- Theatrical release poster
- Directed by: Cy Endfield (as Charles de Lautour)
- Written by: Cy Endfield (as Jonathan Roach) Lawrence Huntington
- Story by: Carl Nystrom Robert S. Baker
- Produced by: Robert S. Baker Monty Berman
- Starring: Arthur Kennedy Constance Smith Joy Shelton
- Cinematography: Jonah Jones
- Edited by: Jack Slade
- Music by: Stanley Black
- Production company: Tempean Films
- Distributed by: Eros Films
- Release date: 1954;
- Running time: 81 minutes
- Country: United Kingdom
- Language: English

= Impulse (1954 film) =

British film noir by Cy Endfield

Impulse is a 1954 British second feature film noir directed by Cy Endfield (as "Charles de Lautour") and starring Arthur Kennedy, Constance Smith and Joy Shelton. It was written by Endfield (as "Jonathan Roach") and Lawrence Huntington from an original story by Carl Nystrom and Robert S. Baker.

==Plot==
Alan Curtis is an American estate agent living in England, dissatisfied with his humdrum life. With his wife Elizabeth on a short break visiting her mother, he gives a lift to sultry nightclub singer Lila when he finds her stranded on the road at night. Curtis becomes romantically involved with her and Lila tells him that her brother is in trouble over a jewel robbery.

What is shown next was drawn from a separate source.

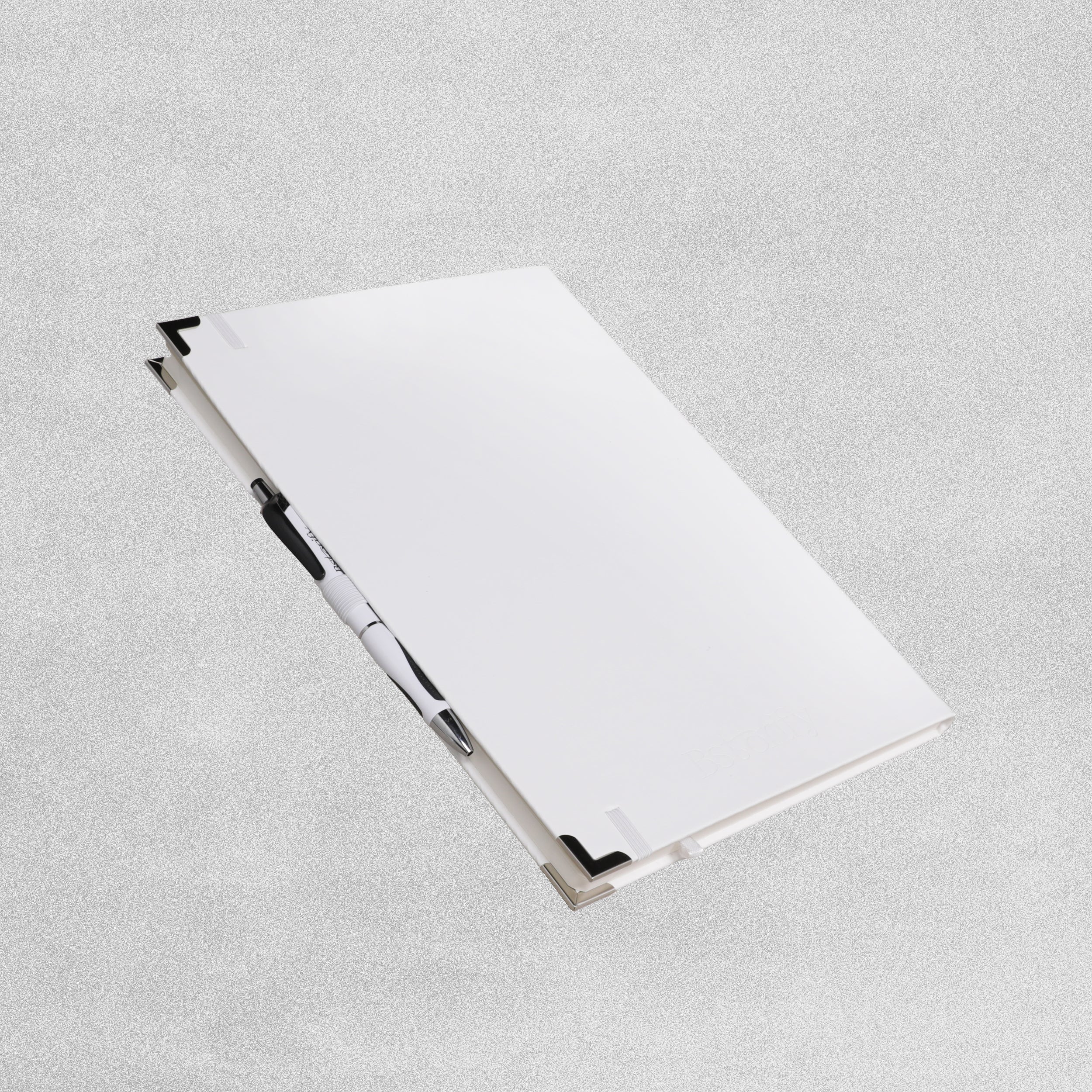 A4 Hard Cover Notebook with Pen Set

In reality Lila wants the stolen stones for herself. She tricks the wayward Curtis into believing that he killed a man so that he buys them two tickets out of the country. He decides that it is better to face the music, opting to stay and confess. Lila, too, reconsiders, staying with Curtis until his name is cleared. After the true killers are revealed, Lila goes to jail as a participant in the robbery and Curtis returns to his wife, who forgives him.

==Cast==
- Arthur Kennedy as Alan Curtis
- Constance Smith as Lila
- Joy Shelton as Elizabeth Curtis
- Jack Allen as Freddie
- James Carney as Jack Forrester
- Cyril Chamberlain as Gray
- Cameron Hall as Joe
- Bruce Beeby as Harry Winters
- Charles Lamb as Palmer
- Sam Kydd as ticket inspector
- Kenneth Cope as hotel desk clerk
- Michael Balfour as sailor
- John Horsley as police officer
- Peter Swanwick as ship's captain
- Victor Harrington as nightclub patron
- Guy Standeven as nightclub patron
- Jean St Clair as Curtis' next-door neighbour

==Production==
The film was shot at Nettlefold Studios, Walton-on-Thames, Surrey, with sets designed by art director Wilfred Arnold.

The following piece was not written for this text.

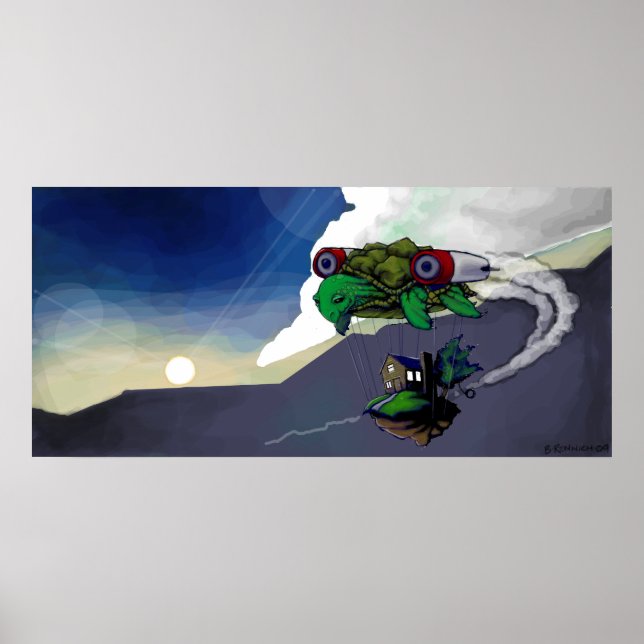 Graffiti Poster (Frente)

Endfield had come to work in Britain to escape the Hollywood blacklist. In order for him to direct, the Association of Cine Technicians (ACT) required that a paid ACT "dummy" director be appointed, to do nothing on set, but to be credited with direction; Endfield chose documentary filmmaker Charles de Lautour, whom he paid £35 a week.

==Critical reception==
Monthly Film Bulletin said "Characteristic British crime melodrama. The story is by no means completely convincing, but is made reasonably credible by a standard of acting somewhat above the average for a production of this type."

Film historians Steve Chibnall and Brian McFarlane praised Kennedy's performance and said "This detailed and un-showy study of a man tempted away from a comfortable but dull rut is one of the subtlest to be found in the 'B' film ranks."

In British Sound Films: The Studio Years 1928–1959 David Quinlan rated the film as "average", writing: "Ordinary thriller at least keeps you guessing."

The Radio Times Guide to Films gave the film 2/5 stars, writing: "This is a routine British second-feature, although Arthur Kennedy is a cut above the average imported American lead. Kennedy has a fling with nightclub singer Constance Smith, who involves him in a crime. Screenwriter "Jonathan Roach" is actually Cy Endfield, taking refuge in the UK from the McCarthy witch-hunts, while Charles de Lautour took credit for Endfield as director."